Staatsbesuch am Großen Burstah: Es ist das erste Mal in der fast 70-jährigen Geschichte des Abendblatts, dass ein amtierender Bundespräsident die Redaktion besucht. Um kurz nach 10 Uhr öffnet sich die Tür, und Bundespräsident Frank-Walter Steinmeier betritt gemeinsam mit seiner Frau Elke Büdenbender in der vierten Etage des Verlagsgebäudes den Raum, in dem die Redakteurinnen und Redakteure schon warten.„Hoi“, entfährt es dem Bundespräsidenten, als er uns Journalisten erblickt, und es wird nicht ganz klar, ob er überrascht ist über die Zahl der Kollegen, oder ob es schlicht Vorfreude auf das rund einstündige Gespräch ist.
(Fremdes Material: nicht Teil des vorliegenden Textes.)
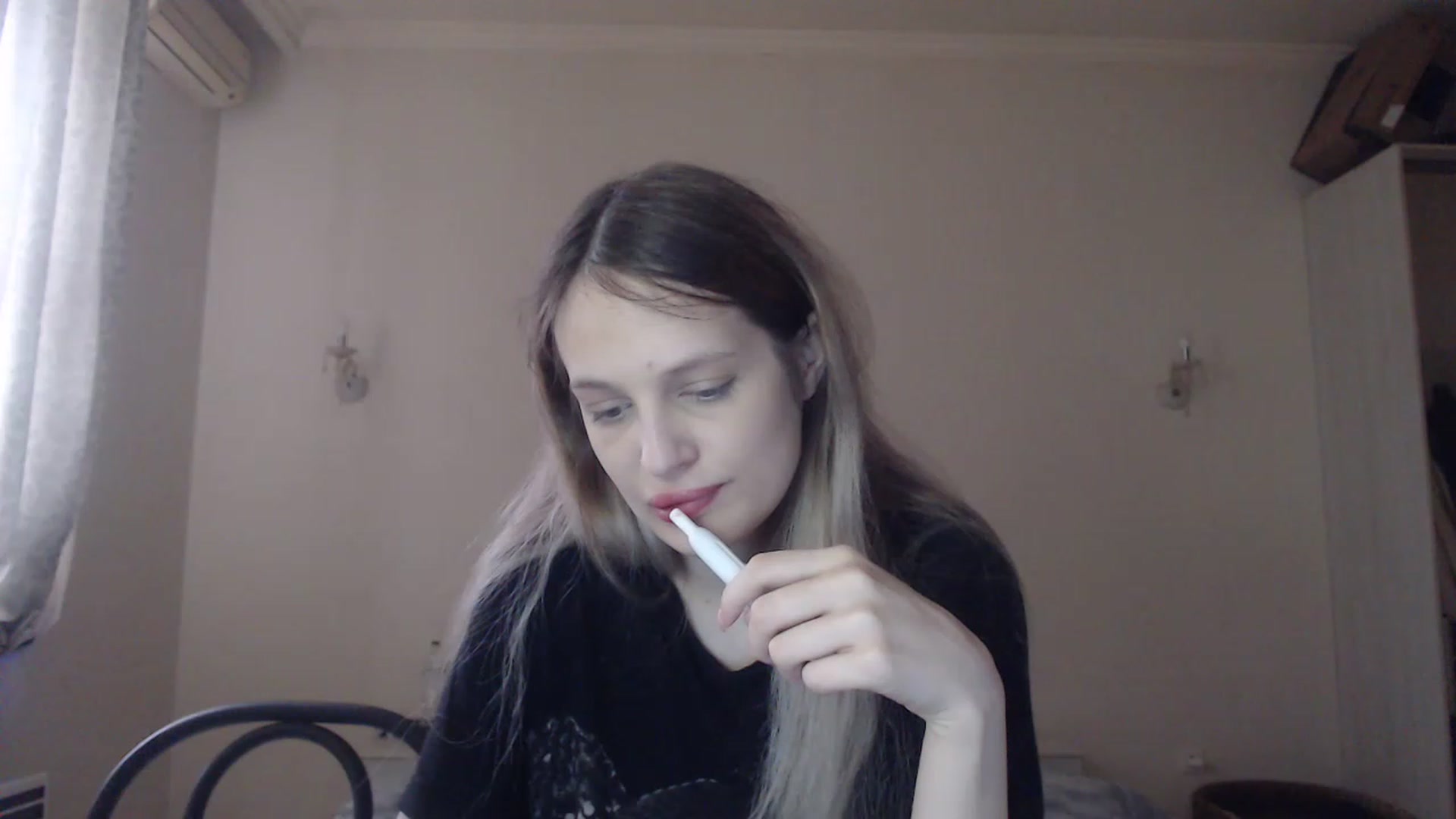 Gallery image thumbnail from Lola_vi's myfreecams stream on, 04/21/2023, 12:05 image 4 of 20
Das Paar begrüßt jeden per Handschlag, das heißt, als Erste streckt Elke Büdenbender gut gelaunt und herzlich ihre Hand aus, dann folgt ihr Mann. Eine Geste durchaus mit Signalwirkung: Es stellt sich schnell heraus, dass die Verwaltungsrichterin nicht nur lebhaft an der Diskussion teilnimmt, sondern häufig als Erste auf Fragen antwortet und damit manchmal sogar ein bisschen die Richtung vorgibt. Vielleicht ist es auch so, dass sie ihrem etwas bedächtiger und abwägender formulierenden Mann damit ein wenig Zeit lässt, seine Gedanken druckreif zu entwickeln ...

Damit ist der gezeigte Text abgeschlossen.